Development not possible with rampant corruption: TI chairman Jose Carlos Ugaz
José Carlos Ugaz, chairman of Transparency International, is a Peruvian jurist. He served as Ad-Hoc Attorney of Peru for the highest profile criminal cases in recent history of Peru, involving the investigation of former president Fujimori. He was elected as member of the Transparency International Board in 2011, and as chair of the board in 2014. As the TI chief he ran two major campaigns, one to unmask the corrupt, and the other against impunity.
In an exclusive interview with Prothom Alo during his recent visit to Bangladesh, Jose Ugaz spoke to Consulting Editor Kamal Ahmed and Consultant (English Online) Ayesha Kabir on the challenges of combating corruption, Bangladesh’s anti-corruption commission, governance and democracy, the civil society, future strategies of Transparency International and the need for political will.
Prothom Alo: During this brief visit, you have exchanged views with officials at different levels and civil society representatives. What’s your view about the current situation in Bangladesh in terms of civil society organizations and their activities?
Jose Carlos Ugaz: I basically had the chance to talk to our own chapter, TI Bangladesh, and I perceived we have a vibrant and very strong chapter here in Bangladesh. It has national presence in more than 40 districts of the country. We had a meeting with more than 300 volunteers working in all these offices around Bangladesh. I think it is a unique experience of the strong presence of civil society concerned about the situation of corruption in Bangladesh.
Prothom Alo: The vibrancy of civil society in Bangladesh is said to be an example for other countries, but you have heard about a new legislation that seems to be curbing the rights of civil society. Would you like to elaborate?
Jose Carlos Ugaz: When you have a vibrant civil society struggling against corruption, when you work correctly, usually you have threats. It is part of our work to say when things are going well, but also to criticize when we believe things are not going well. As you know, every year we release a Corruption Perception Index, CPI. Since Bangladesh is systematically falling very low in the struggle against corruption, we know the government doesn’t like our CPI and doesn’t like TI measuring this because they believe that we are not doing it on a technical basis, but maybe there is a hidden political agenda that we are trying to present.
We are used to that, not only in Bangladesh, this happens all around the world. When governments are too happy with us, we must be concerned. That means we are not doing our work correctly. This situation of the new law that has been passed is a threat to this organization and others, with which the government is not comfortable.
But I think the government or the prime minister is missing the point here. We are not the enemies. The enemy is corruption. The enemy is the corrupt official and the corrupt company that is trying to take money from the people of Bangladesh for the personal gain of a few. When we are making this public and trying to support the government and others in producing policy, producing research, demonstrating what is happening, we shouldn’t been looked at as if we are in the opposition. As a matter of fact, we don’t do politics. We are not aligned with any party. One of our basic principles is that we must be neutral politically speaking. So tomorrow if the opposition becomes government, be sure they will also be angry with us because we will be saying the exact same things if they do not act correctly.

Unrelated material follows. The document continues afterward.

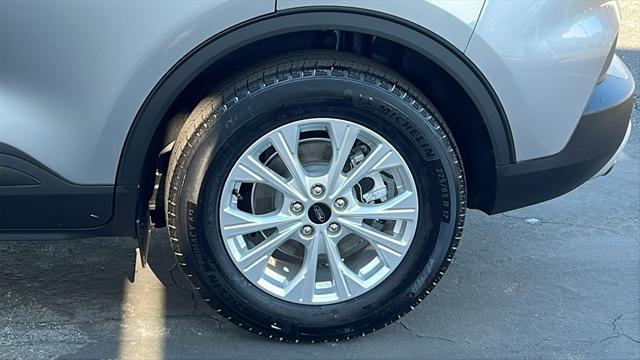 used 2024 Ford Escape car, priced at $28,788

Prothom Alo: The argument on your side is that you are not taking sides with either of the parties because in the past when the other party was in power, Transparency’s role was similar to this. But the government’s argument is that it is cracking down on corruption and they blame the corruption on the previous regime.

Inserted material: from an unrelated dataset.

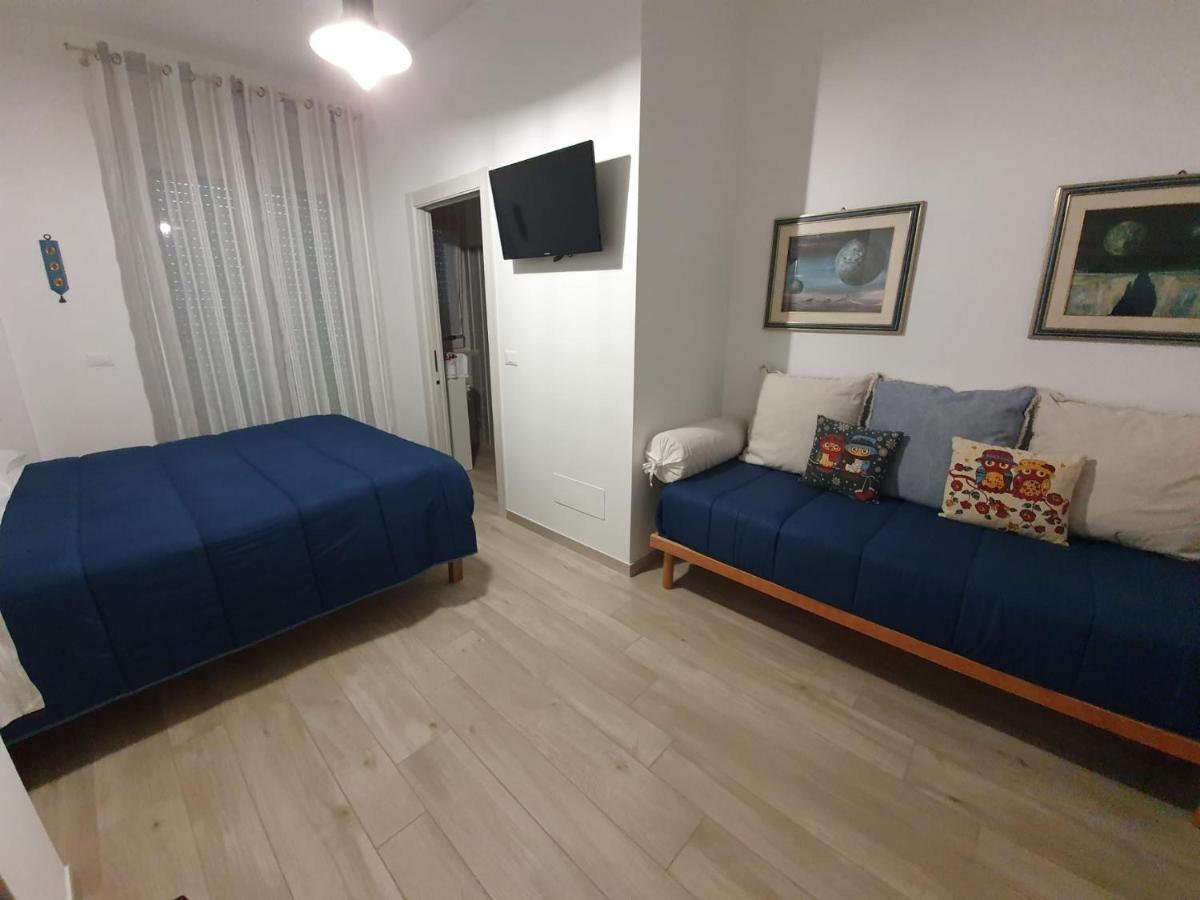 Double or Twin Room Private Bathroom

Jose Carlos Ugaz: And that probably is true. We are not saying that they invented corruption. Corruption is a historic problem. What we are saying is, now that they are in power, they have the power, they have the resources and we expect them to deliver as they offered in their electoral campaign.

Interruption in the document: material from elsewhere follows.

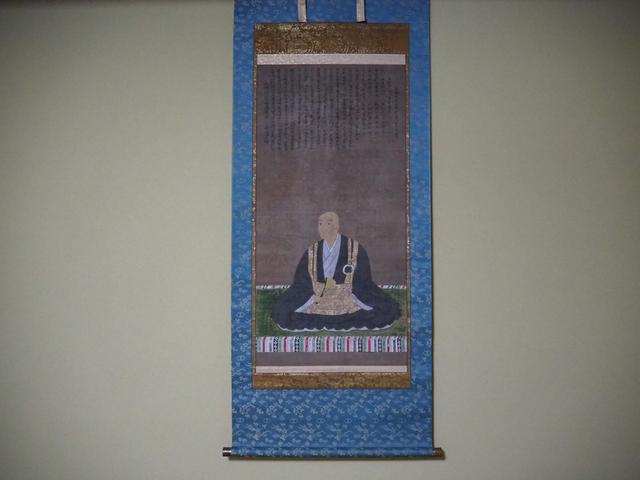 画像: 絵師 狩野山楽筆の鮮やかな金碧障壁画などの貴重な寺宝が公開されています。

There is of course always the possibility of improving, if not completely change the environment. We have seen around the world that there are some countries that have really, with doses of political will, changed their environment. Botswana is an example. It is an African country, much poorer than Bangladesh, but a government that came into power and deployed enough political will, has radically changed the environment for the benefit of the people of Botswana. So we are asking other governments in similar situations, why are you not concerned about deploying the necessary political will to change the environment of corruption instead of looking for so-called enemies or opponents in civil society?
We understand of course that does not apply to all of the government. Yesterday I had a very interesting conversation with one of the advisors of the prime minister and I think he really values what we are doing and he publicly congratulated TIB for the series of work the chapter is doing and its executive director Iftekhar for the work he has been doing in the past years.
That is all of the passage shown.